The University of Nottingham is preparing for a Viking invasion this winter with a unique programme including two significant exhibitions and an exciting programme of workshops, talks and activity days exploring Britain’s Viking past.
Nottingham Lakeside Arts is delighted to present the two exhibitions over the coming months which aim to tell a new Viking story. To reveal how the Vikings transformed and shaped every aspect of life in Britain and to delve deeper into their fascinating world.
This winter’s Viking programme builds on numerous University of Nottingham strengths including one of the world’s leading experts on the Vikings, Professor Judith Jesch; the University’s Centre for the Study of the Viking Age, which is a leading centre for Viking research; and the University of Nottingham Museum.
Viking: Rediscover the Legend
A British Museum and York Museums Trust Partnership Exhibition, generously supported by the Dorset Foundation.
The Djanogly Gallery is hosting a major touring exhibition from the British Museum and York Museums Trust from 25 November 2017. Programmed by the University of Nottingham Museum, Viking: Rediscover the Legend aims to depict what the Vikings were actually like rather than simply the popular myths that surround them and challenge the misconception that they were just violent raiders and warriors. The exhibition provides new interpretation and a fresh perspective in order to understand what it really meant to be a Viking.
Dr Clare Pickersgill, Keeper of the University of Nottingham Museum, said: “I am very excited about the exhibitions coming to Nottingham. They provide an amazing opportunity to examine regional Viking heritage within its national and international context through both the exhibitions and in a hands-on way through the extensive programme of public events that is planned.”
The exhibition brings together significant Anglo-Saxon and Viking artefacts including some of the most well-known hoards ever discovered in this country.
Dr Gareth Williams, Curator of Viking Collections at the British Museum, said: “Viking: Rediscover the Legend provides a unique opportunity to work with our regional partners to explore the very different impacts that the Vikings had in different parts of the British Isles. The collaboration between the British Museum and the York Museums Trust combines two of the leading Viking collections in the UK, including spectacular silver hoards, jewellery and weapons, but also objects from everyday life.
“However it is particularly exciting to see this material set in different regional contacts, and I look forward to seeing the exhibition in combination with Danelaw Saga to highlight the importance of Viking heritage in the Midlands.”
The exhibition at the Djanogly Gallery runs from Saturday 25 November 2017 to Sunday 4 March 2018. Admission is free.
Danelaw Saga: Bringing Vikings Back to the East Midlands
Invade, immigrate, integrate, inspire… The Weston Gallery is proud to host Danelaw Saga: Bringing Vikings Back to the East Midlands from 15 December 2017. The exhibition tells the tale of how the Vikings shaped the East Midlands with artefacts, maps and medieval documents, and expands on and complements Viking: Rediscover the Legend.

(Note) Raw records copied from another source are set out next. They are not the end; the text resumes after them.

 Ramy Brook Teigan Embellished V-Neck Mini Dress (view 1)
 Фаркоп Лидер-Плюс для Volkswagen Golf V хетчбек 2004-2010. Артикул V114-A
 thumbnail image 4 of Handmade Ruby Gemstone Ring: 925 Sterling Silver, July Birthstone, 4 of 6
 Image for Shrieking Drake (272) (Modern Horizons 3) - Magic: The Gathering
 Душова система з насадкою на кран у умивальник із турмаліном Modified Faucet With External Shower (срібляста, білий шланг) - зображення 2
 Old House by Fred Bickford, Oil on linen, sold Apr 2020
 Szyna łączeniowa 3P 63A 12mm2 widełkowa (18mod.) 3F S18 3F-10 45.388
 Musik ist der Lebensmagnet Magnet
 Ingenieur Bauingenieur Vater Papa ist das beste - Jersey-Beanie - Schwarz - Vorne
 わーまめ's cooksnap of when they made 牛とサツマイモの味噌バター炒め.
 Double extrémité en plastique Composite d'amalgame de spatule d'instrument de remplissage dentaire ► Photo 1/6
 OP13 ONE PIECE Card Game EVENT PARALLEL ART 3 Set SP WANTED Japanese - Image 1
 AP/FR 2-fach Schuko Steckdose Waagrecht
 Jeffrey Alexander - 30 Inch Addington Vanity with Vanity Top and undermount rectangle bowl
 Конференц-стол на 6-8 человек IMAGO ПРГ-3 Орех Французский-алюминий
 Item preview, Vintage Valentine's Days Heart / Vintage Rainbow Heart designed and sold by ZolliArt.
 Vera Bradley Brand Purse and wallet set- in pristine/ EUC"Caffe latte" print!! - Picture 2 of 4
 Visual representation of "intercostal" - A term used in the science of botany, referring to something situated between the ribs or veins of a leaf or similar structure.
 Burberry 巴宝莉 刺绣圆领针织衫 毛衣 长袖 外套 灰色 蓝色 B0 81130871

Visitors can map the routes of Viking expeditions, view coins brought from the Middle East to the East Midlands, learn about places whose names evoke our Viking past and explore their heritage further with artefacts and jewellery worn by the Viking women that settled here.
Jointly curated by Professor Judith Jesch and Dr Roderick Dale of the Centre for the Study of the Viking Age, together with Manuscripts and Special Collections at the University of Nottingham, Danelaw Saga will be the first exhibition to explore the considerable Viking influence on the East Midlands and a unique opportunity for visitors to examine Viking influences on the region.
Professor Judith Jesch, said: “The East Midlands was part of the Danelaw, a part of England that was under Viking rule during the Viking Age, approximately 1,000 years ago. Its major towns and cities were Viking centres and the Vikings may still be seen in place-names such as Linby from Old Norse lind ‘lime-tree’ and by ‘farmstead, village,’ and local dialect words such as ‘scratin’ for ‘crying.’
“Our project will work closely with the University Museum, and will collaborate with local museums in Derby, Leicester, Lincoln and Nottingham to tell the story of the East Midlands in the Viking Age. It is very exciting for scholars interested in Vikings as well as for members of the wider public who may want to learn more about this vast history.”
The exhibition at the Weston Gallery runs from Friday 15 December 2017 to Sunday 8 April 2018. Admission is free.
Bringing Vikings Back to the East Midlands
Supporting and enhancing the two exhibitions will be a huge number of exciting talks, workshops and activity days for all ages, allowing audiences young and old to delve deeper into the world of the Vikings and uncover the legacy of the Vikings on our doorstep.
Professor Jesch, added: “By holding an array of activities and events in conjunction with the exhibition, the Bringing Vikings Back to the East Midlands project, aims to embed an awareness of the Viking Age heritage of the region and to foster creative engagement with that heritage by creating material that will outlast the life-span of the project.” The project is supported by the Arts and Humanities Research Council.
Viking Activity Days will enable visitors to learn about different aspects of Viking life and take part in a wide variety of activities including handicrafts, reading and inscribing Viking runes, games and telling sagas.